Decades of ingrained habit.
Driving is something you learn to do at a certain age, 17 here, 18 there. New habits could be tought very quickly....
Achieve that first then.
Do the math....You'll be raising the power and fuel usage by squares and cubes. Significant then.
Trying to stay within the forum rules here for debate, but I get your point, but we used to trade for oil peacefully and did not send people to be killed for other peoples conflict....
I think we could get back to those days, do you?
The above is nothing but blind hope. The reality is entirely different and not easily changed.

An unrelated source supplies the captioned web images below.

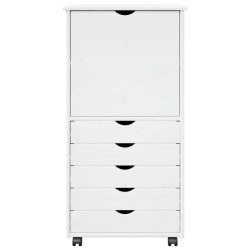 Cabinet roulant Blanc 53 x 39 x 103 cm Bois de Pin Massif 633256633256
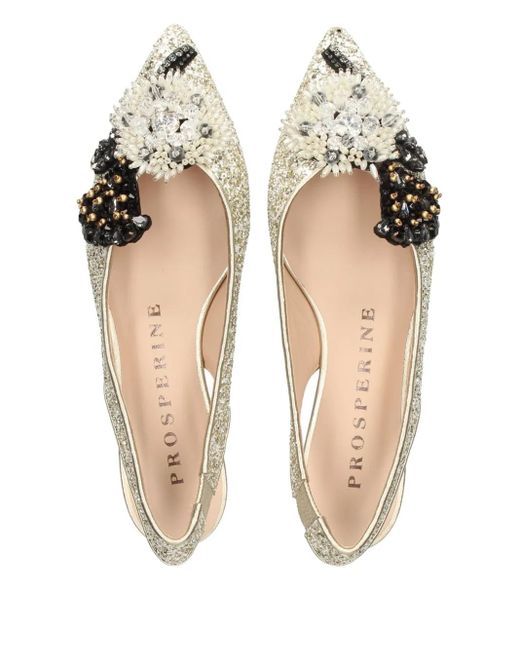PROSPERINE® White Embellished-Upper Slingback Flat Pumps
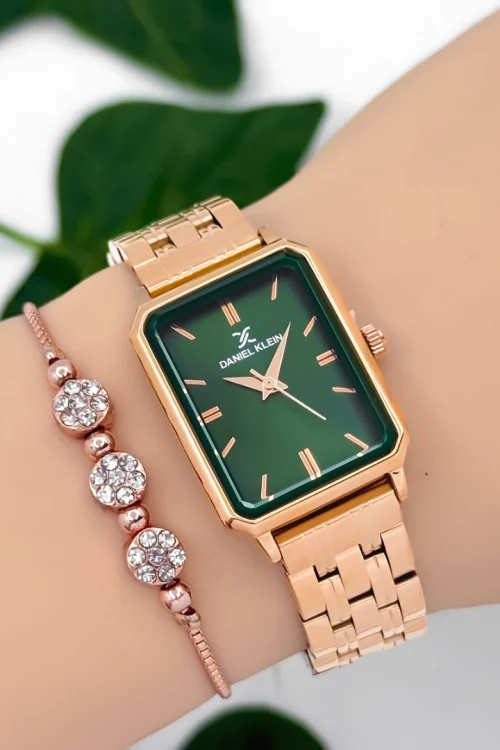 Daniel Klein Çelik Kordon Kadın Kol Saati 3 Atm Suya Dayanıklı Rose-Yeşil zmdk1185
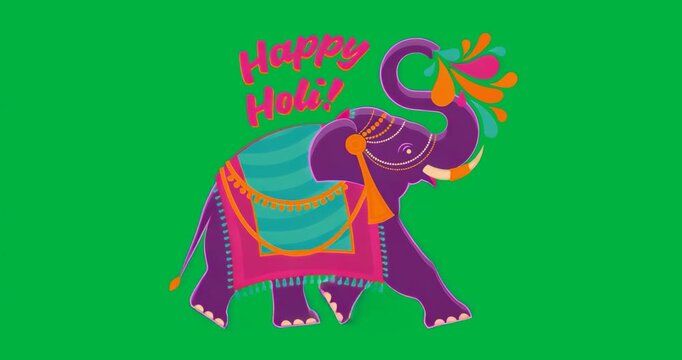 after greeting stylized purple elephant spraying color drops for Holi on transparent background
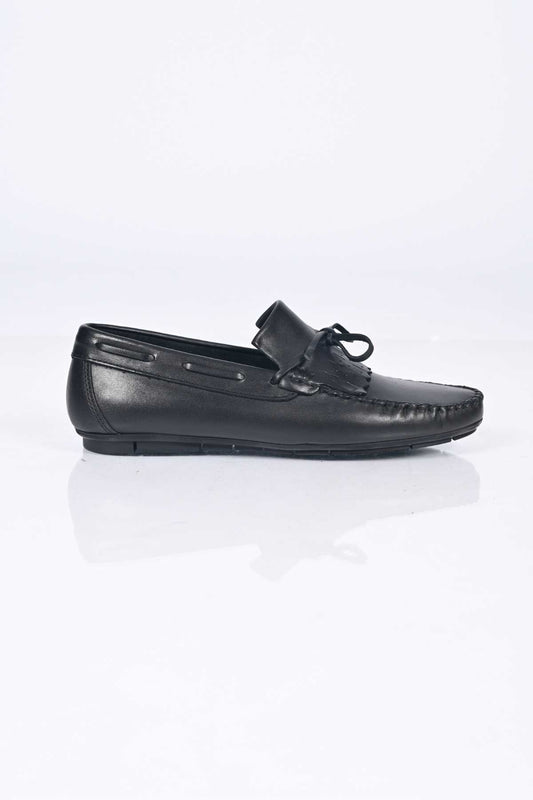 Bestello Slip-On Loafers with Bow, Genuine Leather, Polyurethane Sole, Model 028-2060-26Y Men's Shoes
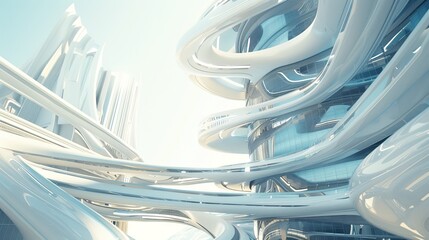 A futuristic skyscraper with flowing, organic curves and a glass facade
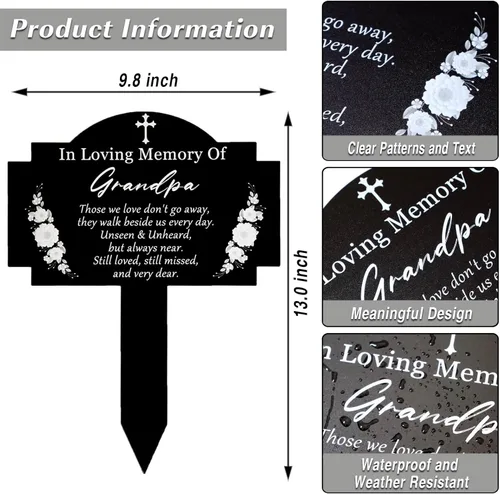 Miniatura 3 de Decoraciones de tumbas para cementerio, estacas conmemorativas, estaca de metal impermeable para cementerio y placa conmemorativa para exteriores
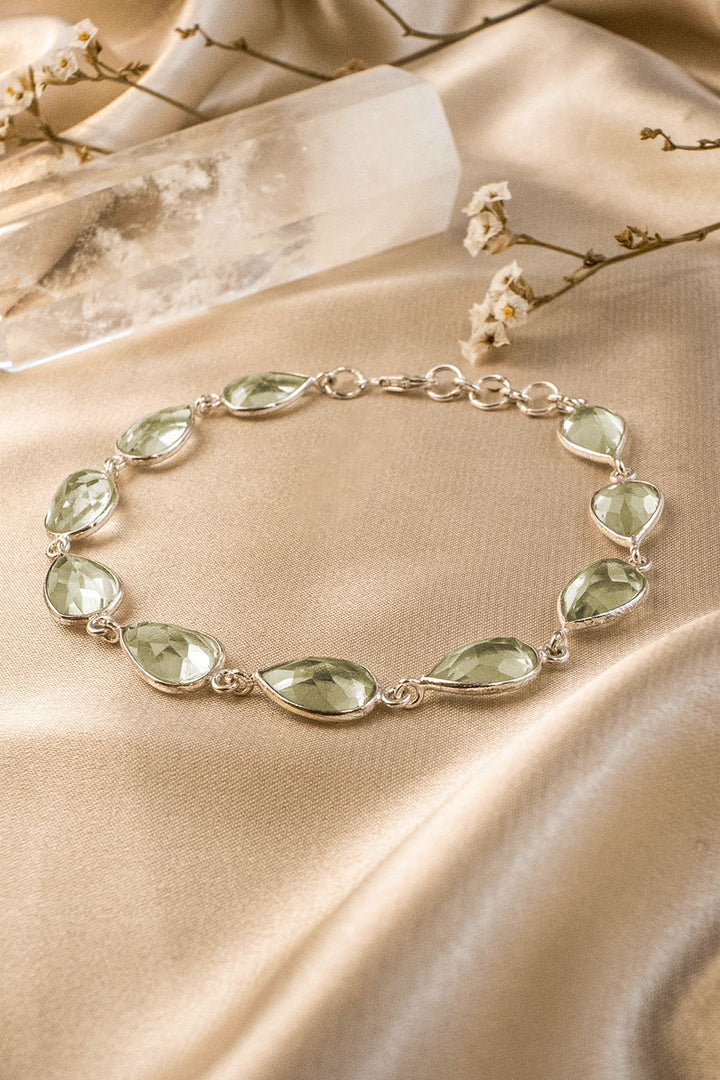 Sivalya Green Amethyst Silver Bracelet - Dew Drops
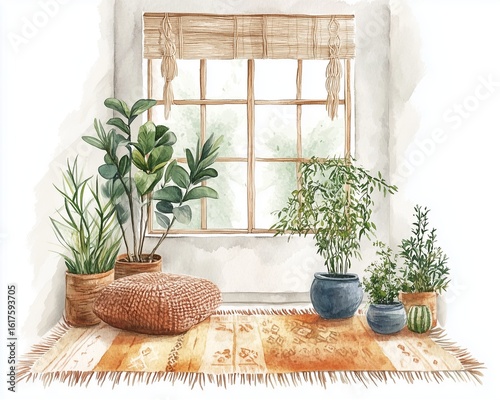 watercolor white background boho interior decor in flat vector style, minimalist room layout with macrame and indoor plants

When it is very foggy, drivers see other cars with dipped headlights on - and still cannot figure out that they too should have lights on. There is but one obvious outcome in bearing down on them at speed - tailgating.
I try and see the good in people, and maybe with a higher limit they'd act more responsibly, if it can work for other countries, I struggle to see why it wouldn't work here.
The French have a two tier limit, one is set at 130kph for dry, the other 100kph for rain.
Another point, our DCWs have a 70 limit for cars, as do motorways, but as you know DCWs have side joinings (take the A90 stretch from Dundee to Aberdeen) and you will see many farm traffic joining the DCW. There is no hard shoulder, the lanes are narrower and yet it has the same limit as the M74 and A74M which have none of this additional risks....
Do you know the A82 DCW between Clydebank and Dumbarton, 70 limit, tighter bends, narrower lanes, few houses with driveways onto the road, its got the same limit as a motorway, it does not make sense.
Why then should the road with the lesser risk carry the same limit as that of the higher one, or should DCWs carry a lower limit of 65mph to reflect a great risk than motorways, but a lesser one than normal A roads?
These sort of statistics require wider discussion... the safest method of travel known to mankind is I believe trains. Perhaps we should concentrate our efforts in building more railways and bigger and faster trains - then subsidise the fares to make them significantly cheaper than travelling by car?
Aircraft IIRC....
But keeping the topic within the roads network....
Agree on principle, trains are great and we need a faster one that does Glasgow/Edinburgh to London in 2hrs30 or under.